Irak Cumhurbaşkanı Berhem Salih ve Başbakan Adil Abdulmehdi’nin başsağlığı dileği dışında, eski Iraklı siyasetçi Adnan Paçacı’nın ölümü, ülkesinde pek fazla etki yaratmadı. Paçacı’nın ölümünün ardından yaşanan sessizliğin sebebi çok. Bunlardan en önemlisi ise protesto gösterilerinden kaynaklanan öfkeli sesler dışında hiçbir sesin duyulmaması ve aynı şekilde Adnan Paçacı’nın Irak siyasi sahnesinden yıllar önce uzaklaşarak kabuğuna çekilmiş olması.
Hali hazırda devam eden gösterilerde, 2000 ve 2002 doğumlu yeni neslin pek çoğu, Adnan Paçacı isimli Iraklı siyasetçiyi tanımıyor. Babası Muzahim Paçacı, Irak’taki Monarşi’nin başındaki isimdi.
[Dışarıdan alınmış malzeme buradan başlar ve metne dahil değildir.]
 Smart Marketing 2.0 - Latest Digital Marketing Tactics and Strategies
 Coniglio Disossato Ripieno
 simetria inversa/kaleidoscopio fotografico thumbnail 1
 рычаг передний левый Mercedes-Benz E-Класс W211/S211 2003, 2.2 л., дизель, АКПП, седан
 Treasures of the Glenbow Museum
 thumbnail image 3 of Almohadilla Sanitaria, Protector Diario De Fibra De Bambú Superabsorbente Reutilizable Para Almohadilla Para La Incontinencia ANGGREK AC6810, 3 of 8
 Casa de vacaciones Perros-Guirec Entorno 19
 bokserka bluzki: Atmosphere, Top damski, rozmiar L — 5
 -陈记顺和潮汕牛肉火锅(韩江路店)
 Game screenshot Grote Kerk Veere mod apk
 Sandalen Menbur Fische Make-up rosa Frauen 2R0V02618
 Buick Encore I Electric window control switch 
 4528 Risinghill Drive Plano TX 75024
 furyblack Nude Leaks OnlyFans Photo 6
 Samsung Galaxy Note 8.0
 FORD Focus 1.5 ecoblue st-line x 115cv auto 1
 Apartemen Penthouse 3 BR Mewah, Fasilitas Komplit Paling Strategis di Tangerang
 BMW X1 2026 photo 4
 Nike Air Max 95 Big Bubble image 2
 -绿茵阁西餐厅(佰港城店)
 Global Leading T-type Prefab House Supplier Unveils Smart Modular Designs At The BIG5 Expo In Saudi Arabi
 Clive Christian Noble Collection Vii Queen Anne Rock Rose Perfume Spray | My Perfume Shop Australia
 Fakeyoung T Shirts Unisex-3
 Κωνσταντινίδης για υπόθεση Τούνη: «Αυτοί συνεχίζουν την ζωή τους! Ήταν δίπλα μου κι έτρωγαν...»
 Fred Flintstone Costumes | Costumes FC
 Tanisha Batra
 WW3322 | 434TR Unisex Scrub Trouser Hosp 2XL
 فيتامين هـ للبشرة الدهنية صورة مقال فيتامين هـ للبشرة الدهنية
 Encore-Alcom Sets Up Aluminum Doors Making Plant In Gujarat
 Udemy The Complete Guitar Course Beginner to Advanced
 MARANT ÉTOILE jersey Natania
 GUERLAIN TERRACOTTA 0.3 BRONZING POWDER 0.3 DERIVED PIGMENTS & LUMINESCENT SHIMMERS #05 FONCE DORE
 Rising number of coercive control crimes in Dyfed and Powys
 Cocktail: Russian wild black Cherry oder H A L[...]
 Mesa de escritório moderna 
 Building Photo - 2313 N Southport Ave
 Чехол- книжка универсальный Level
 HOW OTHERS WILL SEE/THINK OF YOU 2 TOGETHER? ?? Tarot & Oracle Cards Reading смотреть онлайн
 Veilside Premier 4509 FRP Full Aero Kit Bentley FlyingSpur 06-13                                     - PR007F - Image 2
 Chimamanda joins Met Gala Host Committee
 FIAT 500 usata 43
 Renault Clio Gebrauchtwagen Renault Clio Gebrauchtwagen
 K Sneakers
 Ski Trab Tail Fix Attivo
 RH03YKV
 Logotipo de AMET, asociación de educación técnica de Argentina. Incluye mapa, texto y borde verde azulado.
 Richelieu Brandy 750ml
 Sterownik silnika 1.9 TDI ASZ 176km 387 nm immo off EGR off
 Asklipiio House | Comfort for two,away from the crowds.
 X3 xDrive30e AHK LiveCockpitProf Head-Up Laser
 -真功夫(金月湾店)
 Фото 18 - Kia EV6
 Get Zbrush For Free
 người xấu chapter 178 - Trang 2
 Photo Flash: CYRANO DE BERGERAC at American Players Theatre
Adnan Paçacı, 1959 yılında Irak’ın Birleşmiş Milletler (BM) Daimi Temsilcisi oldu, ancak bugün sokaklara dökülen gençler o dönem henüz doğmamıştı. 1960’lı yıllarda eski Cumhurbaşkanı Abdurrahman Arif başkanlığındaki hükümette Dışişleri Bakanı görevini yürüten Paçacı, başkent Bağdat’taki Tahrir Meydanı’nda başlayan “Tuk Tuk” kuşağı tarafından bilinmiyor.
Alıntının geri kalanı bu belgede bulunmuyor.